A trifle is a typically British dessert made with thick custard, fruit, sponge cake, fruit juice or alcohol, and whipped cream. Interestingly it was always made so as to use up, stale, left over sponge cake, which is then softened with either fruit juices or a sweet alcohol like sherry. It really is best not to use fresh sponge as it just goes very soggy and mushy. In the UK you can buy "sponge fingers" which are perfect, or if you have an Italian shop nearby, try ready made tiramisu sponge.

It's really easy to make and the ingredients are usually arranged in layers with the fruit and sponge on the bottom, and the custard and cream on top.

The best trifles contain a small amount of alcohol such as port, or, most commonly, sweet sherry or madeira wine. If you can't drink alcohol, you can use fruit juice instead, the liquid is necessary to moisten the cake. Trifle containing sherry is sometimes called 'sherry trifle' or referred to as being 'High Church'.

On mainland Europe you can sometimes buy a dessert similar to trifle called zuppa inglese (English soup).


A packet or two of sponge fingers or a stale victoria sponge.
Fresh fruit to your taste (pears, bananas, peaches, strawberries)
1-1/2 oz custard powder
3/4 pt milk
2 oz castor sugar
1/4 pt double cream
1/2 pt whipping cream
Angelica, almond flakes and glacé cherries to decorate


  1. Cut the sponges into pieces and place into a glass bowl.

  2. Soak the sponges with the fruit juice or alchohol. They should be moist, but not soggy.

  3. Cut the fruit into small pieces and add to the soaked sponge, reserve some for decoration (squeeze lemon juice over them to prevent discolouration).

  4. Prepare the custard powder according to the manufacturer's instructions (alternatively make your own custard).

  5. Allow the custard to cool, stirring continuously to ensure a creamy custard and to prevent a skin forming

  6. Fold in the double cream.

  7. Pour mixture on to the sponge.

  8. Leave to cool in fridge.

  9. Whisk the cream with the castor sugar. Spread the whipped cream carefully onto the trifle.
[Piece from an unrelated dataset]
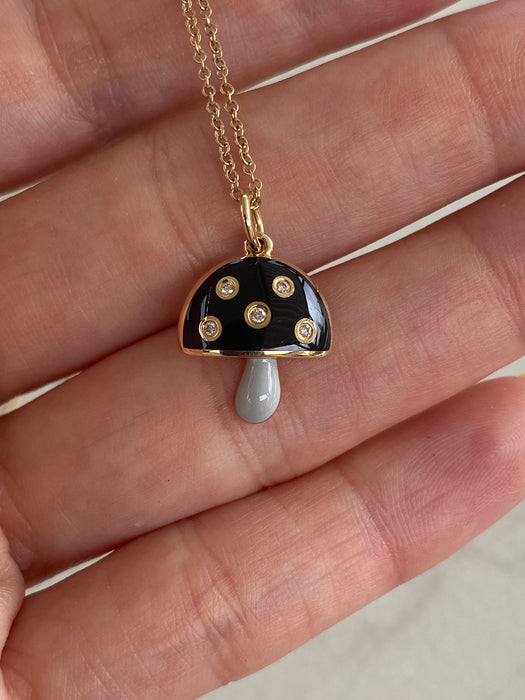 14K Gold Black & Gray Enamel Diamond Mushroom Charm Necklace | Adjustable 16-18”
  10. Decorate the trifle angelica, cherries, sliced bananas and strawberries.


Fold: Usually egg whites or whipped cream are folded into a heavier mixture, for a souffle, cake, or pie filling. The lighter mixture is placed on top of the heavier mixture, then the two are combined by passing a spatula down through the mixture, across the bottom, and up over the top. This process continues until the mixtures are combined. This traps air into bubbles in the product, allowing baked goods to rise.

To mix: To beat or stir foods together until they are combined.

To pour: To transfer a liquid from one container to another.

To soak: To immerse a solid in a liquid.

To squeeze: To apply pressure to fruit or vegetables to obtain their juice.

To whisk: To beat a mixture vigorously with a whisk.

!Note - A trifle is also a matter or item of little value or importance.